1 Critical points and variation of the gradient

Suppose that \(f(0,0)=0\) and \(\nabla f(0,0)=\begin{pmatrix}0\\0\end{pmatrix}\). We want to review and understand the second derivative test.

1.1

We argued that the sign of

\begin{equation*} \nabla f(\delta_x,\delta_y) \cdot \begin{pmatrix}\delta_x\\\delta_y\end{pmatrix} \end{equation*}

for all vectors \(\begin{pmatrix}\delta_x\\\delta_y\end{pmatrix}\) close to \(\begin{pmatrix}0\\ 0\end{pmatrix}\) was an efficient way of determinining whether \(f\) has a local max or a local min at \(\begin{pmatrix}0\\0\end{pmatrix}\).

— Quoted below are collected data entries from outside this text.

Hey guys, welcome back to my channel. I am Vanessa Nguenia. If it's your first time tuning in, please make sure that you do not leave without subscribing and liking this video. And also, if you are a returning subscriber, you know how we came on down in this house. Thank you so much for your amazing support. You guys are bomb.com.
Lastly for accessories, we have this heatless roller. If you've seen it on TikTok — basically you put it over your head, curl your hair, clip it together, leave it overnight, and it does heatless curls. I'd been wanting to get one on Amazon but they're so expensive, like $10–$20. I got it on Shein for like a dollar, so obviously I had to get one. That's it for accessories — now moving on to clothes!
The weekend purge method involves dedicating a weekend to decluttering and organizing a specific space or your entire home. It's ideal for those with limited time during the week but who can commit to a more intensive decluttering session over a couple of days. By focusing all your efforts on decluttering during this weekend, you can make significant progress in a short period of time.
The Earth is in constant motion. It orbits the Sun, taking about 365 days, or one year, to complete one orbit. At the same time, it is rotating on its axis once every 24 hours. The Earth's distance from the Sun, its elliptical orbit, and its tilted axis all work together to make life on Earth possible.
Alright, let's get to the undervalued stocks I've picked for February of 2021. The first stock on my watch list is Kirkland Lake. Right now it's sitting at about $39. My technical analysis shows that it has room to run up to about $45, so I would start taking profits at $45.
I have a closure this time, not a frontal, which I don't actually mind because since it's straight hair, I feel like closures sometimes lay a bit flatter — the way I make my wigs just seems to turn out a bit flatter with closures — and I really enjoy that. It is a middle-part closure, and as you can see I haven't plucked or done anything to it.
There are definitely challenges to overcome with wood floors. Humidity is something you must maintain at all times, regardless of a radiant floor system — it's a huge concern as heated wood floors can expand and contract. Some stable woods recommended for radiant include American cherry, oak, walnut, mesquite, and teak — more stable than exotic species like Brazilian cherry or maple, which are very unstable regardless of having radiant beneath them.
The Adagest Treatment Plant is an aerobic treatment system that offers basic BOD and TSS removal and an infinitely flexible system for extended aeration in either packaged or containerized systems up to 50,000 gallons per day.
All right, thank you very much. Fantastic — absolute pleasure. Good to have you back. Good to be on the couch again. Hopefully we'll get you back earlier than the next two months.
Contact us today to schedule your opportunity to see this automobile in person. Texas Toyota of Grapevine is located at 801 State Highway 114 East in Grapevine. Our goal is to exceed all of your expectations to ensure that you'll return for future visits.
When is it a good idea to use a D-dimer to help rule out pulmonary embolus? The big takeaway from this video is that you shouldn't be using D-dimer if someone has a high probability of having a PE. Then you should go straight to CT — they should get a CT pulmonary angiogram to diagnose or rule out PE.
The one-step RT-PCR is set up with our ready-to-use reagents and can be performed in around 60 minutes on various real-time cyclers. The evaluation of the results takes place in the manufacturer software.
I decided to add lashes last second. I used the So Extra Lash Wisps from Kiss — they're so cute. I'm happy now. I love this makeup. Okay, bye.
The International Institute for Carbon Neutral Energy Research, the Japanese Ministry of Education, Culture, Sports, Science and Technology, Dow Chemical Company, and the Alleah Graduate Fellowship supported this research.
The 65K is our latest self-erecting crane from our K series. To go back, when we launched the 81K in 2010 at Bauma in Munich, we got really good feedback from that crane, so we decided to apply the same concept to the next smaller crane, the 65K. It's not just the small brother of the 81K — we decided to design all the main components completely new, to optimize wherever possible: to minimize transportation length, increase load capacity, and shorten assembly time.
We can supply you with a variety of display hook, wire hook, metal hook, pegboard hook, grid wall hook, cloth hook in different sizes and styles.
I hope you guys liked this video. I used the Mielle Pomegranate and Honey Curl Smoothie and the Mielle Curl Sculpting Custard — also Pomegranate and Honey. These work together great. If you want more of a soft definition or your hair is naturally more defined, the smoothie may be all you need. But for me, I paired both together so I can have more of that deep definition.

Review why this is the case.

1.2

Let us PROVE this fact. Fix a radius \(r\gt 0\). Suppose that

  • \(f\) is differentiable on \(D_r(0,0)\)
  • \( \nabla f(x,y) \cdot \begin{pmatrix}x\\y\end{pmatrix} \geq 0\) for all \((x,y)\in D_r(0,0)\).

We will PROVE that \(f(x,y)\geq f(0,0)\) for all \((x,y)\in D_r(0,0)\).

Fix \((x,y)\) as above and find a path \(\vec{p}(t)\) that goes from \((0,0)\) to \((x,y)\) with constant velocity as time passes from \(0\) to \(1\). Write the expression for

\begin{equation*} \vec{p}(t) = \begin{pmatrix}p_x(t)\\p_y(t)\end{pmatrix} \end{equation*}

1.3

Call \(F(t)=f(\vec{p}(t))\). Convince yourself that to prove our statement it is sufficient to show that \(F(1)\geq F(0)\).

1.4

Express \(F'(t)\) for any \(t\in[0,1]\) in terms of \(\nabla f(\vec{p}(t))\) and of \(\dot{\vec{p}}(t)\). Also compute \(\dot{\vec{p}}(t)\).

1.5

Using the fundamental theorem of calculus write

\begin{equation*} F(1)=F(0)+\int_0^1 F'(t)dt=F(0)= F(0)+\int_0^1 \nabla f(\vec{p}(t)) \cdot \dot{\vec{p}(t)}dt \end{equation*}

Show that under our assumptions the integrand is non-negative and deduce the statement of our theorem.

2 The Hessian

2.1

Review from calculus the second derivative test: if \(F'(t)=0\) and \(F''(t)\gt 0\) then \(F\) has a local min at \(t\).

Why is this true?

2.2

We now want to show that the second derivative test in \(2d\) corresponds to checking the second derivative test in \(1d\) over all directions starting from the critical point.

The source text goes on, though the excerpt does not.